It has become a sport among white middle-class men with a penchant for technology to bemoan the failures and inconsistencies of contemporary artificial intelligence solutions (AI). For example, Walt Mossberg recently wrote a much-noted piece at The Verge called “Why Does Siri Seem so Dumb?”
On some level, Mossberg's critique makes perfect sense - it's an honest rant about Siri’s many quirks and problems. For example, Siri is widely believed to be inferior to Amazon’s Alexa because Alexa’s direction microphones (via the Echo Dot, for instance) make her a much more empathetic listener.
But when we read these and other recent discussions of AI more critically, we can’t help but notice a problematic pattern. Mossberg uses a neutral "it" to refer to Siri but still likens his ideal AI to an ideal traditionalist femininity - infallible care, empathy, obedience, and nurture. In this framing, ideal AI seems imagined as some sort of tech bimbo. There is very little surprise then that the absence of these traits warrants an aggressive male intervention. As David Pierce recently wrote in WIRED: "Hey Siri, It's Time to Put Up or Shut Up."
Why do we model AI after our own worst tendencies as human beings? Perhaps it's not AI’s stupidity that's the problem but our own. The definitions of intelligence we adopt, and the biases we necessarily hold, live on in our AI solutions and are then fed back to us as consumers. This generates paradoxes, which have been pretty well studied by consumer researchers such as David Mick and Susan Fournier. Far less attention, however, has been devoted to how these paradoxes are rooted in and also reinforce systemic economic, social, and gender biases.
To explore this further during the holidays, a time of critical reflection and change in the family, we popped an unusual question to both Siri and Alexa: Are you a feminist? Siri apparently holds no views. It simply said: "I'm sorry. I'm afraid I can't answer that." Yet, Alexa had a more interesting comment to make.
Kudos to Alexa's programmers for allowing it to make a political statement that not only serves but also disrupts and challenges some contemporary actors and institutions.
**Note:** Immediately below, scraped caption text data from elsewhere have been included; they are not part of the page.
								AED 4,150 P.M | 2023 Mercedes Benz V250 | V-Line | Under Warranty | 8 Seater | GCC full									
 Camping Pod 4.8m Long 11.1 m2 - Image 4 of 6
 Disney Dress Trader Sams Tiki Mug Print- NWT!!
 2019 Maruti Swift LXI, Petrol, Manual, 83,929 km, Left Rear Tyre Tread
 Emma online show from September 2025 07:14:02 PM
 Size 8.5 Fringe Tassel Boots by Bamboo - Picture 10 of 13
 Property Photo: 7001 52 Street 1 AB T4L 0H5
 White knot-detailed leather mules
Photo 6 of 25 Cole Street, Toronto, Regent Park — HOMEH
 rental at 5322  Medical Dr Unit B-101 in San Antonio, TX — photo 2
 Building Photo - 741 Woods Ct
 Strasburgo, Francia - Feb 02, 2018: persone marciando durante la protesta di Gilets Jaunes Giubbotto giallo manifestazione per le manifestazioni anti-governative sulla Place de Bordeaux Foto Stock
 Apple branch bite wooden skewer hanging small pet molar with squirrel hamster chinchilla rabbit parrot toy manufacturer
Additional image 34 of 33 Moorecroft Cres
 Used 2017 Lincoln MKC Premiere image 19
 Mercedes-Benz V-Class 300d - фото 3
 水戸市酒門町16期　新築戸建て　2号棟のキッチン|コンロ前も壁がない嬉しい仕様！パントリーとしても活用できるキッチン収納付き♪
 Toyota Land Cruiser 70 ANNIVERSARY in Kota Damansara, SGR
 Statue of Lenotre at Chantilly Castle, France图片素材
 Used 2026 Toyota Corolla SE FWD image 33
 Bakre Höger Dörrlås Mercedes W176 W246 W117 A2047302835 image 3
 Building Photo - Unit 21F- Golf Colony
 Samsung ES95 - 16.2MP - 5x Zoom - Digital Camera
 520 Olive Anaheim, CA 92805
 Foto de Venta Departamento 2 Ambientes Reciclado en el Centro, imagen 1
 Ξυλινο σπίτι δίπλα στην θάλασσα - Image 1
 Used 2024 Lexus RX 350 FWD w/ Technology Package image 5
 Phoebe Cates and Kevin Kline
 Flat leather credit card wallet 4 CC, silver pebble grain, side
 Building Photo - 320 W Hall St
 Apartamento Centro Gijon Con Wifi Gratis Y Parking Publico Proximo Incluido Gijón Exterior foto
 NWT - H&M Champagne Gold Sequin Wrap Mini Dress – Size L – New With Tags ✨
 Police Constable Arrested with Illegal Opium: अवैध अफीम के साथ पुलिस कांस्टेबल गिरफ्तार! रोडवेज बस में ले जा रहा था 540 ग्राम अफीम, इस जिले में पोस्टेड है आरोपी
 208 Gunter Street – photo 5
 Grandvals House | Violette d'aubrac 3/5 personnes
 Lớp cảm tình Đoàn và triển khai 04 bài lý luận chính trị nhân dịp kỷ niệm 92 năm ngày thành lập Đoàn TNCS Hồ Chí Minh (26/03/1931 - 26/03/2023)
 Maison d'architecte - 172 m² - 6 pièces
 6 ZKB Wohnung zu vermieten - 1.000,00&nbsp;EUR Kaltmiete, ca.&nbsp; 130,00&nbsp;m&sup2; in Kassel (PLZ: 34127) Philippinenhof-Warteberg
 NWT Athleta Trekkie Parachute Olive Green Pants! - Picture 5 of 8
Powerful AI isn’t just about light switches, cooking timers, and Spotify playlists. As it enters more and more domains of our lives, perhaps we’d also love to have virtual companions with interesting views on questions of gender and race, a sense of humor, an ethic, the ability to reason critically, and a self-understanding that can challenge our own.
In the new year, we will start another series of Big Design Lab roundtables, this time focused on "Designing AI Experiences for Growth." One question we will discuss with member CEOs, CMOs, and other AI focused experience designers is what we could gain from adopting a more sociological definition of artificial intelligence, one that actively works with a number of political dimensions and biases as well.
Why does this matter? For one, the AI revolution won’t be worth this label unless it reaches beyond confirming male fantasies of domination and control. And whereas for Mossberg only a fully reliable and unlimited (read: feminized) AI is the “effective weapon” in the coming AI wars, competitively speaking, the best weapon in the AI battle may be a sociological design imagination that can reveal the inherent biases of such a narrow-minded worldview.